Check the validity of the assumption of \omega_0 C_{dg}\ll g_m for a typical 0.13 micron NMOS transistor operating in the velocity saturation regime.
The operating frequency of the amplifier is 3 GHz.
Under velocity saturation (which is the case for a 0.13 micron transistor, as shown in Chapter 1), the transconductance is g_{m(v-sat)} = kWC_{ox}v_{sat} and the drain–gate capacitance C_{dg}=W\times CDGW.
Therefore,
\frac{\omega_0C_{dg}}{g_m}=\frac{\omega_0\times CDGW}{C_{ox}v_{sat}}which is independent of the gate width.
The related parameter values for this 0.13 micron technology are TOX = 2.3\times 10^{-9} [m] (which corresponds to C_{ox}= 15\times 10^{-3} f/m²), and CDGW = 5.18\times 10^{-10} [f/m].

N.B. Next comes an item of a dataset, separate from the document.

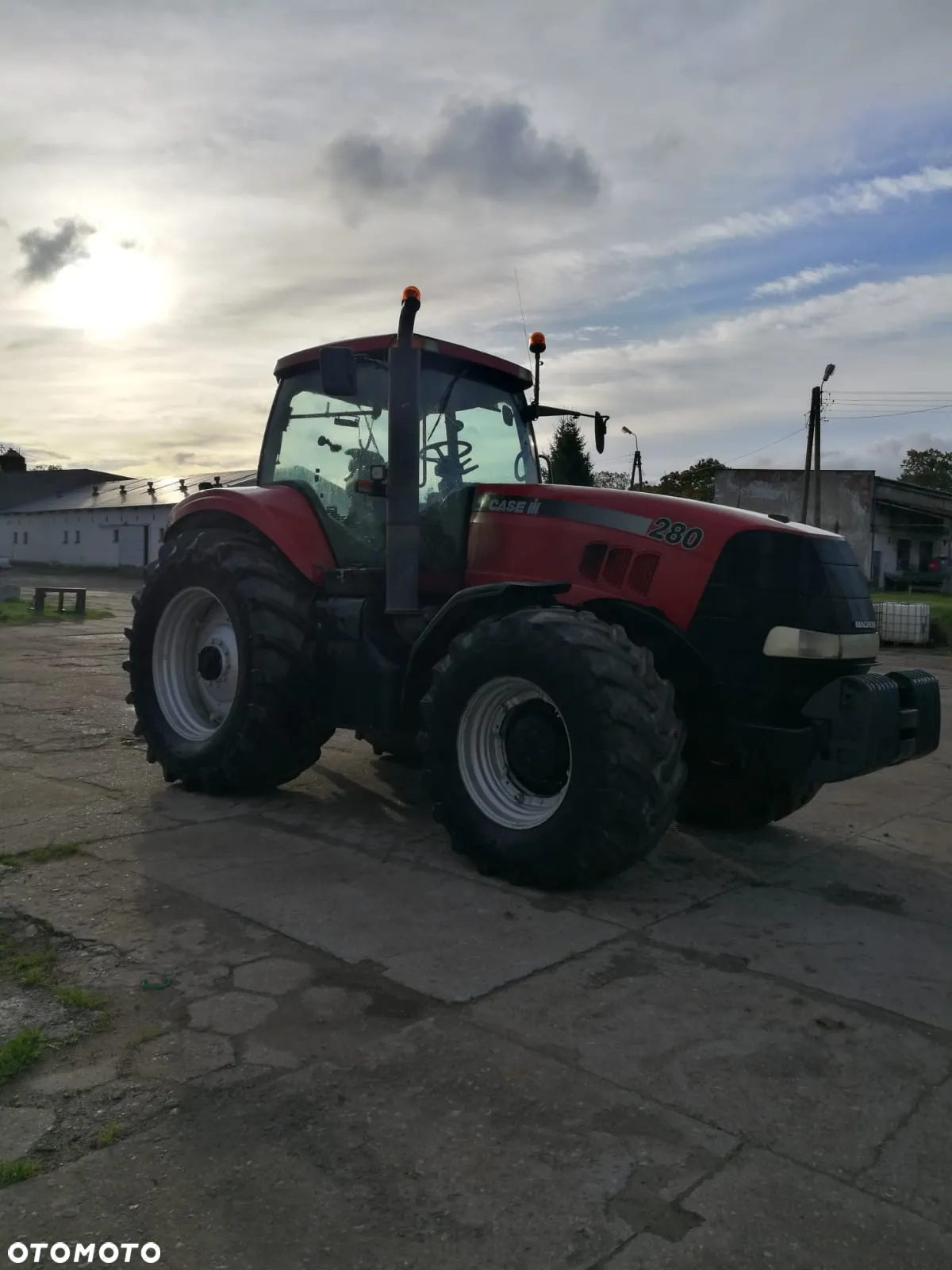 Case IH Magnum - 10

The saturation velocity of electrons in the channel was given in Chapter 1 as 6.5\times 10^4 [m/s]. Therefore
\frac{\omega_0C_{dg}}{g_m}=\frac{2\pi \times (3\times 10^9)\times (5.18\times 10^{-10})}{(15\times 10^{-3})\times (6.5\times 10^4)}\cong 10^{-2}which corresponds to an error of 1% on the magnitude of the gain and an excess phase
shift of only 0.57º.